Below are the entries. Print only the lines starting at the one with "RATUSAN ANGGOTA PRAMUKA" and ending at the one with "Para los Brasileños", exactly, with no pictures.
-------- MATERIAL FOR THE TASK
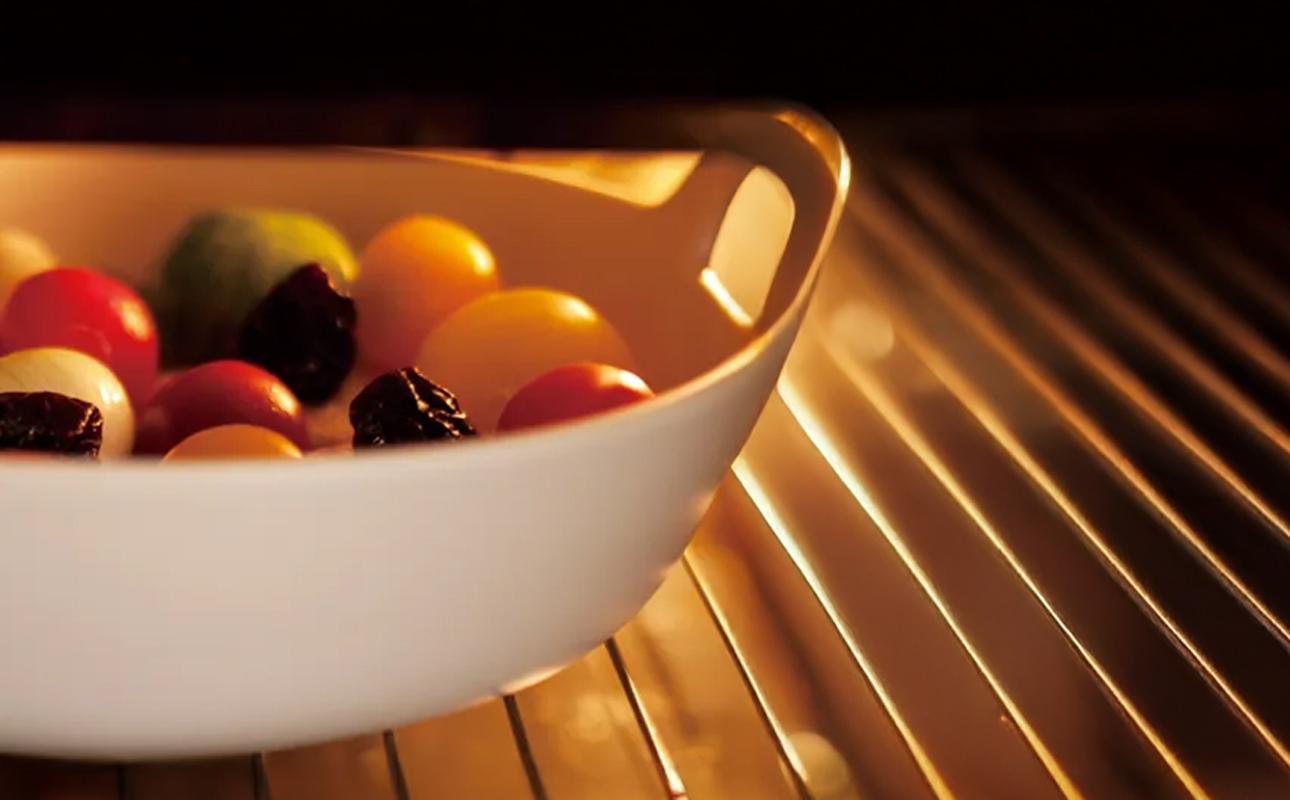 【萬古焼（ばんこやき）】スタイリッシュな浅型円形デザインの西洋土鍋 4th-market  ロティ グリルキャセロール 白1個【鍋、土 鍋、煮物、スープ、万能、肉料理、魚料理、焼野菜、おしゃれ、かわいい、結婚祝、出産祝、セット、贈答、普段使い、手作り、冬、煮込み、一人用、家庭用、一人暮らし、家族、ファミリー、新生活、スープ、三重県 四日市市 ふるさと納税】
----------------
-------- MATERIAL FOR THE TASK
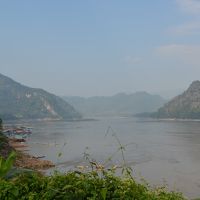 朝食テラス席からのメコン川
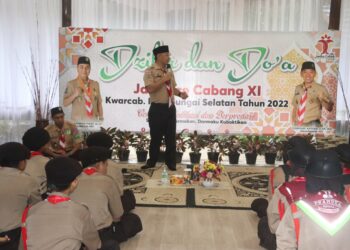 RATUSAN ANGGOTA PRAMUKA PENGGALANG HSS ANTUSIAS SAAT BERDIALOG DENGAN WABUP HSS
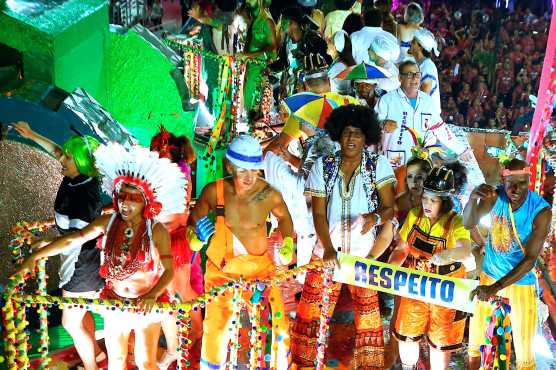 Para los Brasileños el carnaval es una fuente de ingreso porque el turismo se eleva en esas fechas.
----------------
-------- MATERIAL FOR THE TASK
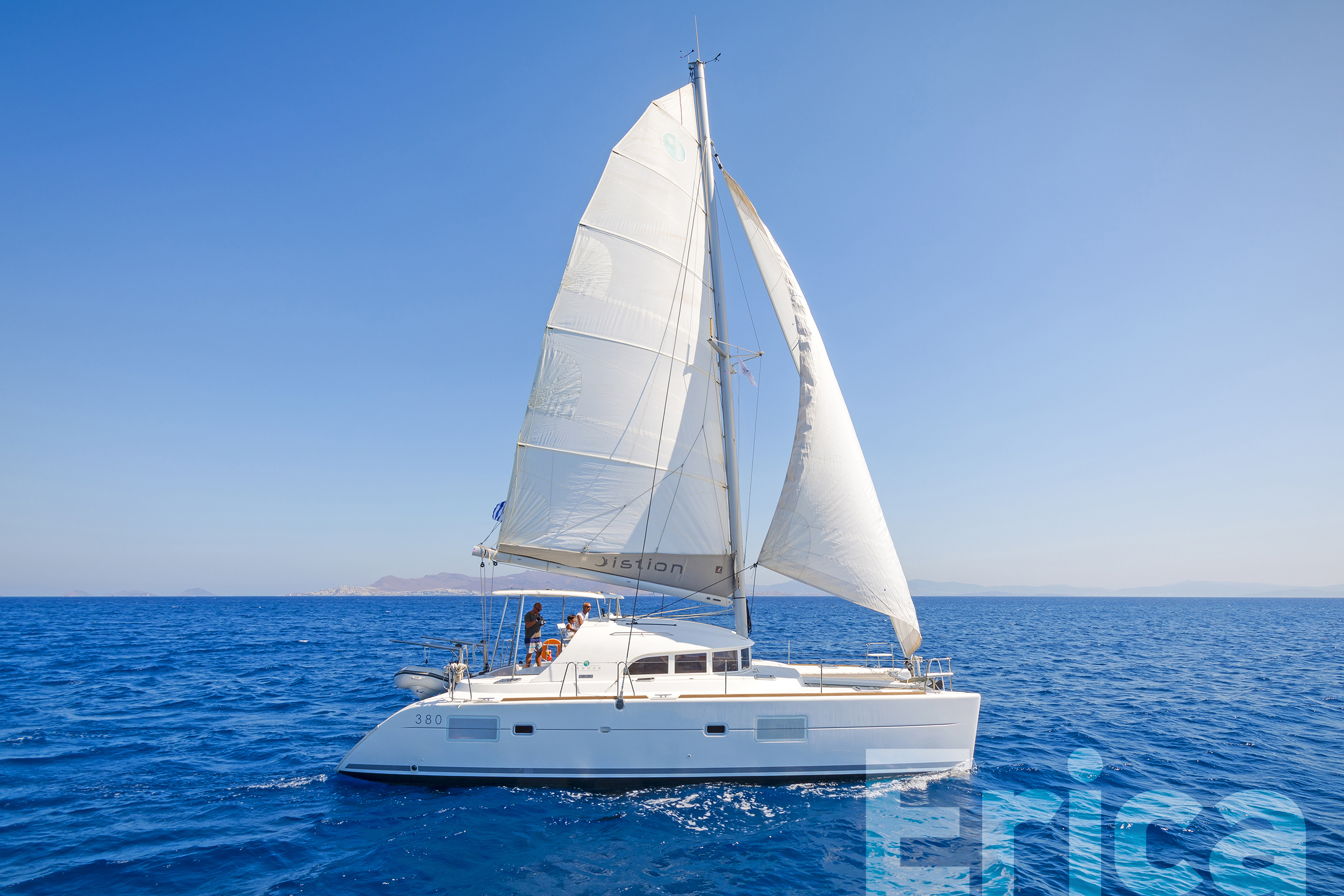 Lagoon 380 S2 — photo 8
----------------
■ EXERCISE OUTPUT
 RATUSAN ANGGOTA PRAMUKA PENGGALANG HSS ANTUSIAS SAAT BERDIALOG DENGAN WABUP HSS
 Para los Brasileños el carnaval es una fuente de ingreso porque el turismo se eleva en esas fechas.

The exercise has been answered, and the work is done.